The systemic RV, in CCTGA and in patients after the atrial switch for dextro-transposition of the great arteries (d-TGA), is less conducive to the standard inflow cannula placement for MCS. This is among the many anatomic reasons why ACHD patients are less likely to receive MCS as a bridge to transplant. As reported by the authors, MCS carries a higher mortality in the CHD population, irrespective of the age group. In a comprehensive review of MCS in the pediatric CHD population, Kirklin and colleagues report on the paucity of data in this subset of patients with less than 15% of children on MCS having CHD.5 With the advent of the Berlin Heart EXCOR device, the fraction of this subset undergoing transplant has increased, although while supported mortality and neurologic complications remain significant. Among single ventricle patients, data on MCS are sparse and its adoption among the failing Fontan circulation patients has not been widespread.

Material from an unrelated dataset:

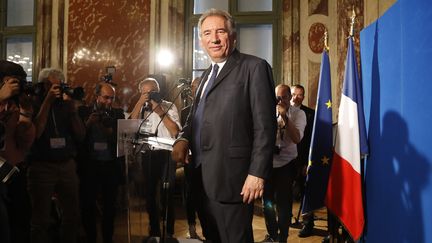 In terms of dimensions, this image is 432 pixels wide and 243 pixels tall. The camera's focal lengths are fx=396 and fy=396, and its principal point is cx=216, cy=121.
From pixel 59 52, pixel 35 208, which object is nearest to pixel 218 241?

The authors also highlight the challenges to a successful heart transplant at various levels faced by the CHD population.1 ACHD patients tend to be listed at a lower urgency status, spend more time on the waiting list, and suffer a higher mortality rate while on the list. Human leukocyte antigen sensitization and the technical difficulties stemming from potential vascular reconstructions caused by situs abnormalities and anomalies of systemic venous drainage requiring additional tissue during organ procurement contribute to the wait list delay. The authors suggest as a possible solution, a modified listing process used in some countries prioritizing patients with cyanosis and elevated panel reactive antibodies (PRAs). In a forum for transplant experts held in collaboration with various organizations involved in heart transplantation in the United States, extensive discussions were held on the current organ allocation policies and on future directions.6 Sensitized patients and CHD patients were considered a “disadvantaged” subgroup when it came to organ allocation, and a survey undertaken among these experts revealed “support or high support” for prioritizing these patient groups. Thus, CHD patients suffer a dual disadvantage from facing difficulty in qualifying for Status 1A and having a shrunken donor pool due to sensitization. Aggressive desensitization protocols initiated in children with a high level of PRAs have been reported to improve transplant outcomes, although such efforts need clinical validation by larger multi-institutional trials.7
Elevated pulmonary vascular resistance (PVR) has been associated with a greater risk of perioperative transplant mortality.3 PVR calculations in the CHD population tend to be inaccurate in the presence of shunts, cavopulmonary connections, and collateral blood vessels. Surgical challenges arising from multiple sternotomies, calcified intracardiac patches, and the need for venous and pulmonary artery reconstruction add to the ischemic times and may contribute to the higher incidence of postoperative re-explorations, strokes, infections, multi-organ failure, and need for dialysis observed in these patients. Although a higher incidence of primary graft failure has been noted in ACHD patients, the authors mention a “survival paradox” seen in this population with better long-term survival and a higher incidence of re-transplantation compared with non-CHD patients.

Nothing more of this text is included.